Required action: Copy out exactly the stretch of the listing below that begins at the line containing "El Freni Faciası!" and ends at the line containing "KALLOS Keratin maska za kosu 275ml 0", and copy nothing outside it.

Material for the task:
______
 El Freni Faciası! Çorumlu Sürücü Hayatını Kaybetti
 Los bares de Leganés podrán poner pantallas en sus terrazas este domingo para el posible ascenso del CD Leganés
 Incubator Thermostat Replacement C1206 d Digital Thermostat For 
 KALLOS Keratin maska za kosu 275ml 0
______
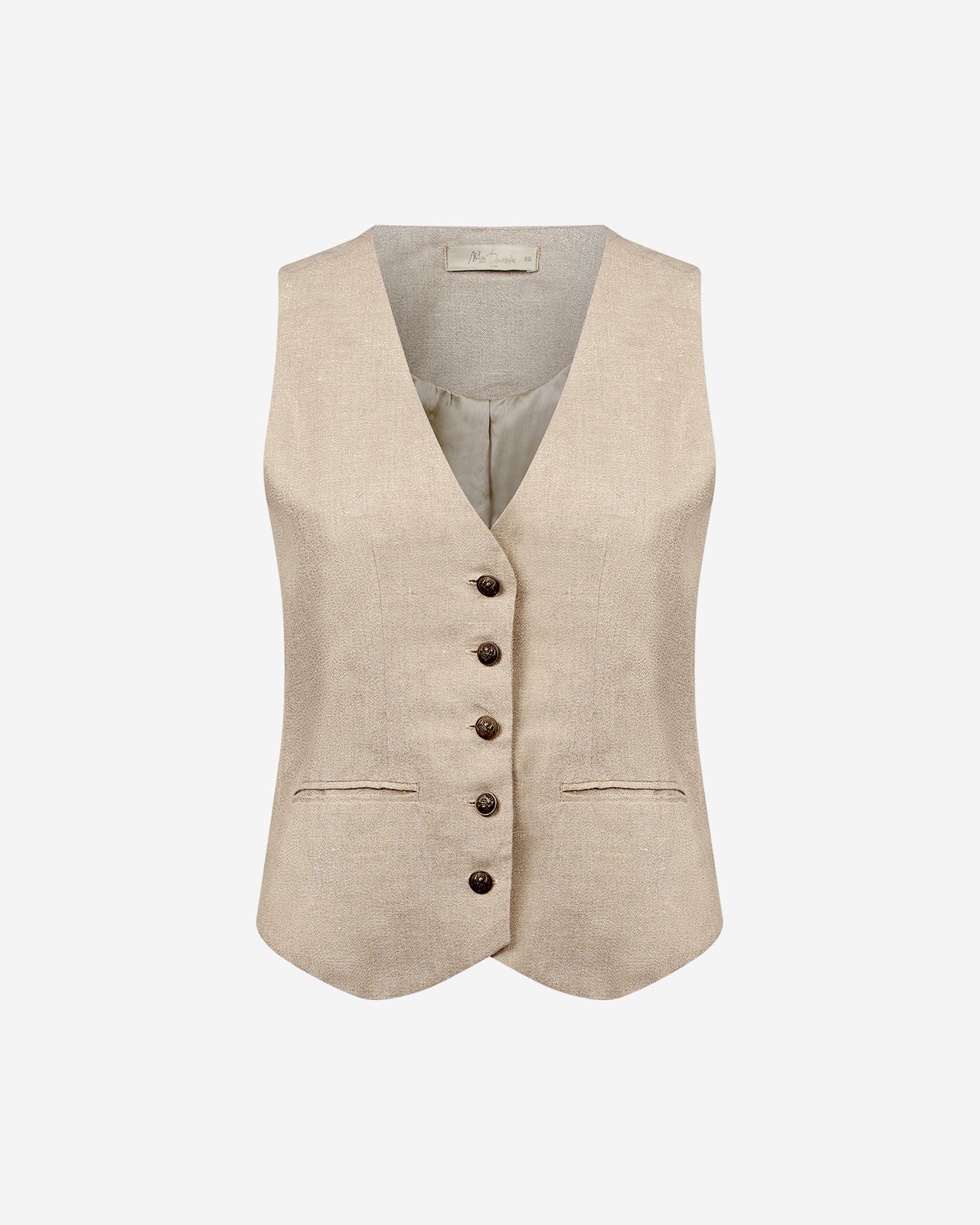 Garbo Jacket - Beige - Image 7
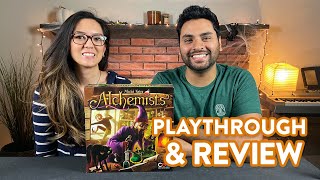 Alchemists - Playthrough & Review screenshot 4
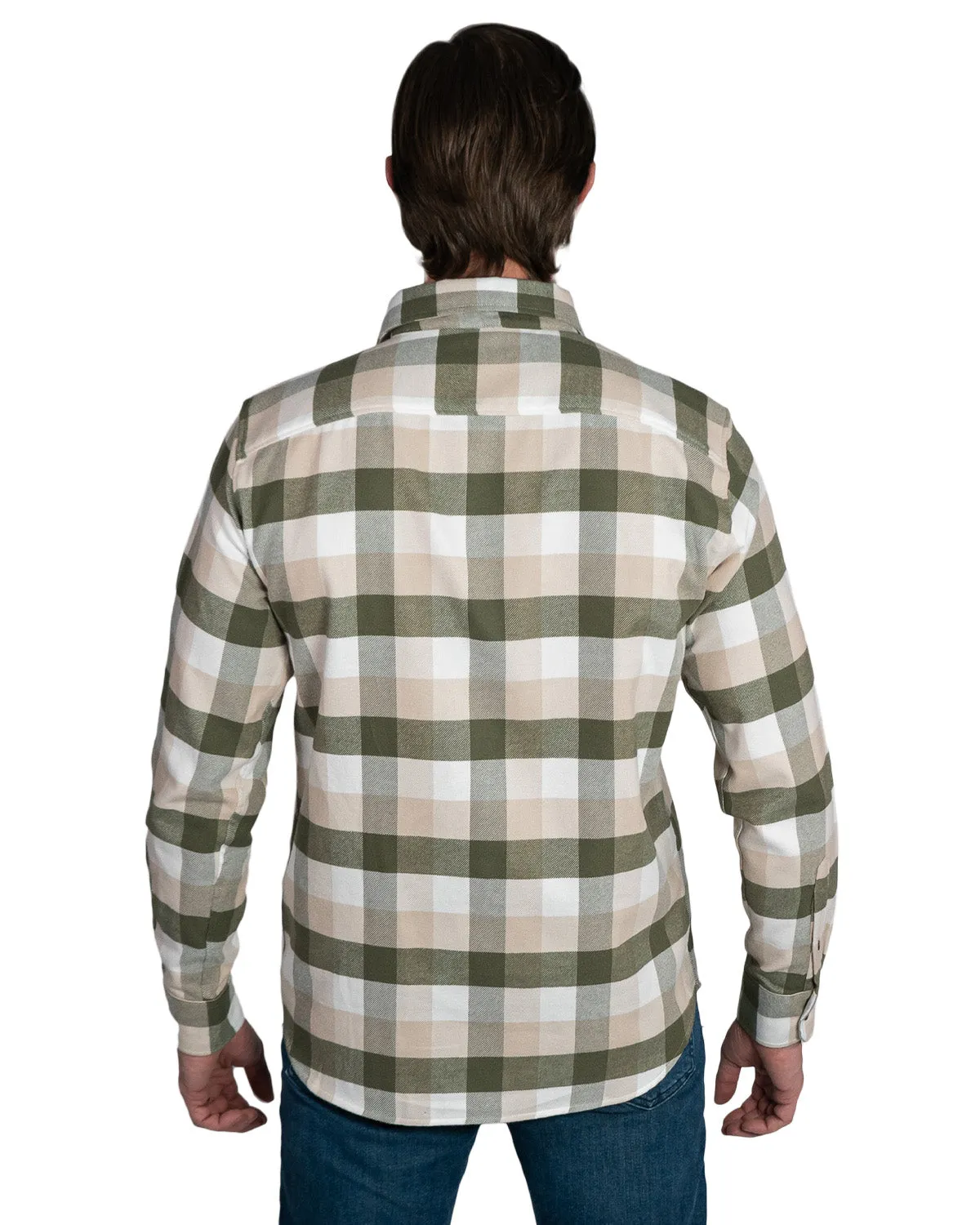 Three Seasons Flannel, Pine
______
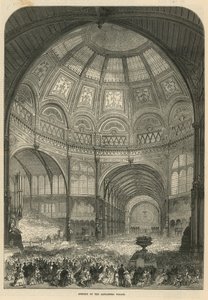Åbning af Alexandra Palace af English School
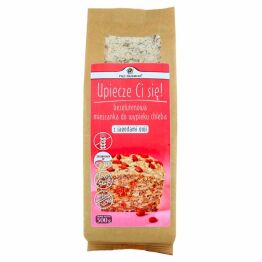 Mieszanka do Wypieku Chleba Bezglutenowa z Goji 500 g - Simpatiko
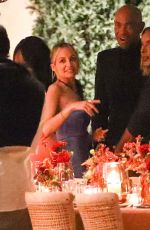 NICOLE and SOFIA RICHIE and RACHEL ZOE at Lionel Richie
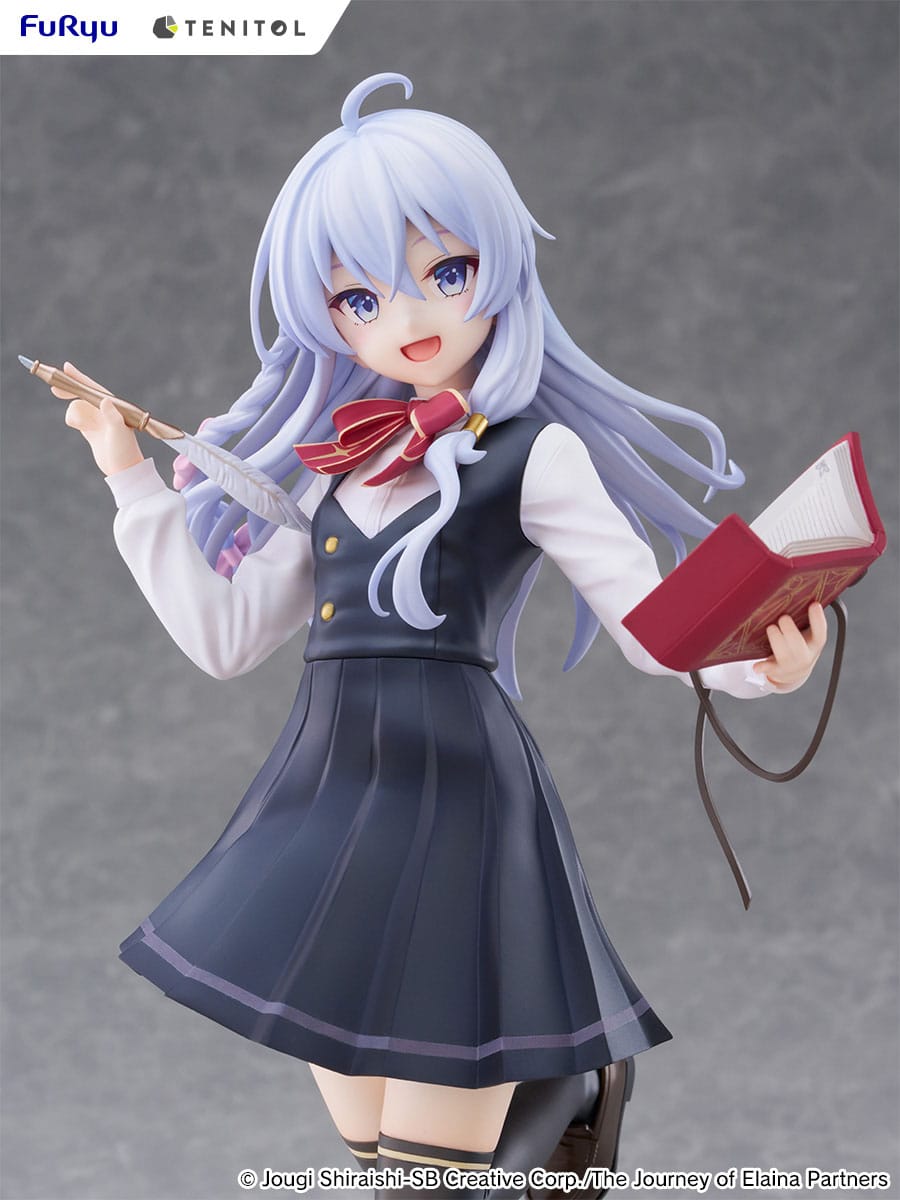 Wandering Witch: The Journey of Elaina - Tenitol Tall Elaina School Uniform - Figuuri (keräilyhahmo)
______
Answer to this problem:
 El Freni Faciası! Çorumlu Sürücü Hayatını Kaybetti
 Los bares de Leganés podrán poner pantallas en sus terrazas este domingo para el posible ascenso del CD Leganés
 Incubator Thermostat Replacement C1206 d Digital Thermostat For 
 KALLOS Keratin maska za kosu 275ml 0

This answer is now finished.